DATA PROVIDED:
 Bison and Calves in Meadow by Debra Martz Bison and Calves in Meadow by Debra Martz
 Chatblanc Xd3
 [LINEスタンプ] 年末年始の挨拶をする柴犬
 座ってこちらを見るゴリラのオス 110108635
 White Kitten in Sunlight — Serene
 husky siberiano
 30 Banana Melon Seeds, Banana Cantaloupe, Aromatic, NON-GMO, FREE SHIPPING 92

---

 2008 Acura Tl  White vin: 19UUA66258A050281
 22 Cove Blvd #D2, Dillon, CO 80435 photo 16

* * *

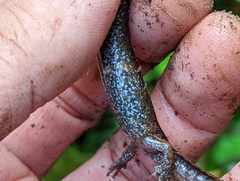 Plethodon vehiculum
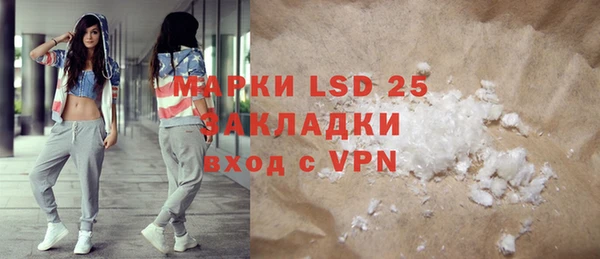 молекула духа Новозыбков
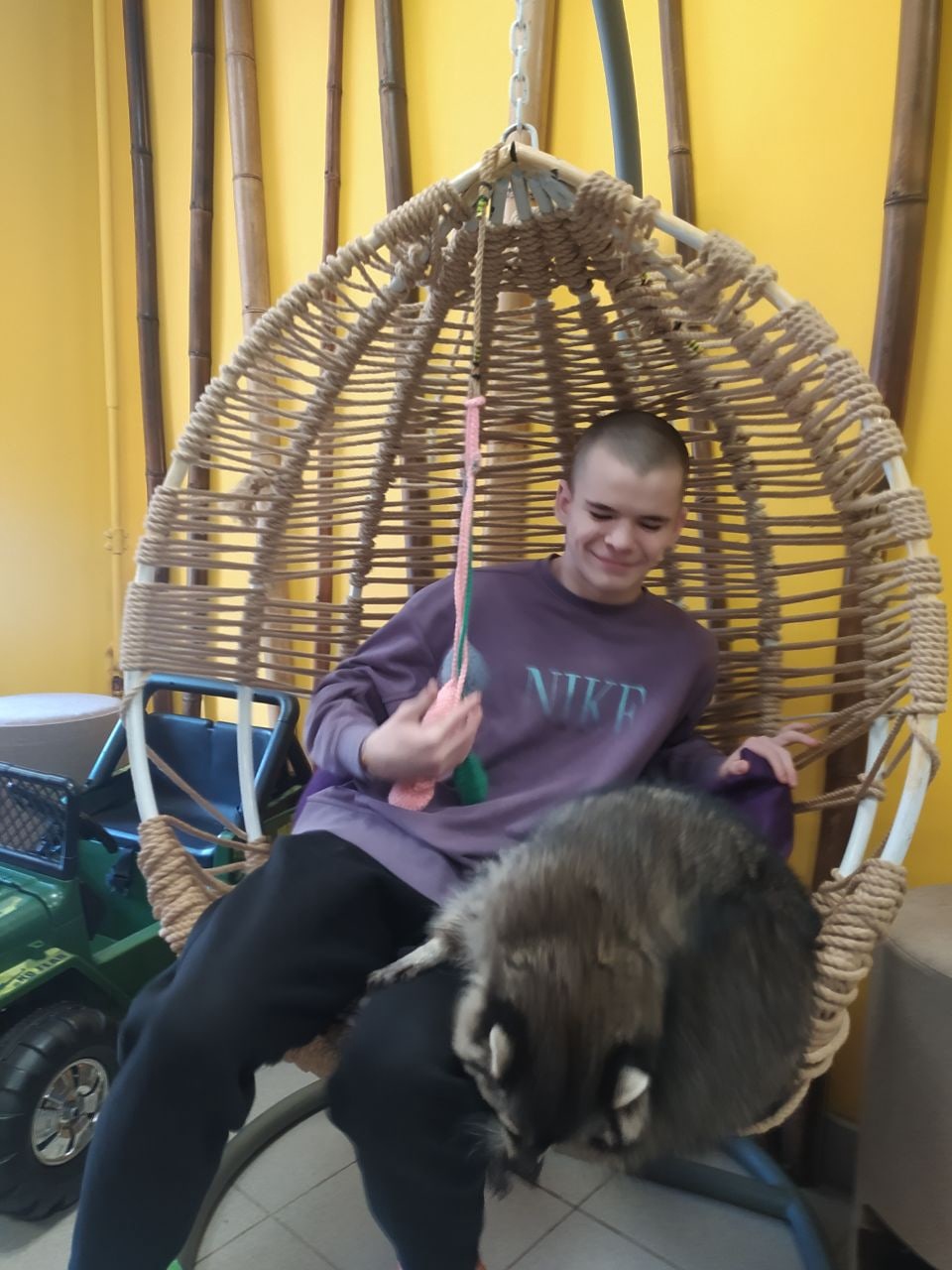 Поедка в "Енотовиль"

PROBLEM STATEMENT: From the data above, return every line from the line that has "Bison and Calves in Meadow by Debra Martz Bison" up to and including the line that has "30 Banana Melon", exactly.

ANSWER SECTION:
 Bison and Calves in Meadow by Debra Martz Bison and Calves in Meadow by Debra Martz
 Chatblanc Xd3
 [LINEスタンプ] 年末年始の挨拶をする柴犬
 座ってこちらを見るゴリラのオス 110108635
 White Kitten in Sunlight — Serene
 husky siberiano
 30 Banana Melon Seeds, Banana Cantaloupe, Aromatic, NON-GMO, FREE SHIPPING 92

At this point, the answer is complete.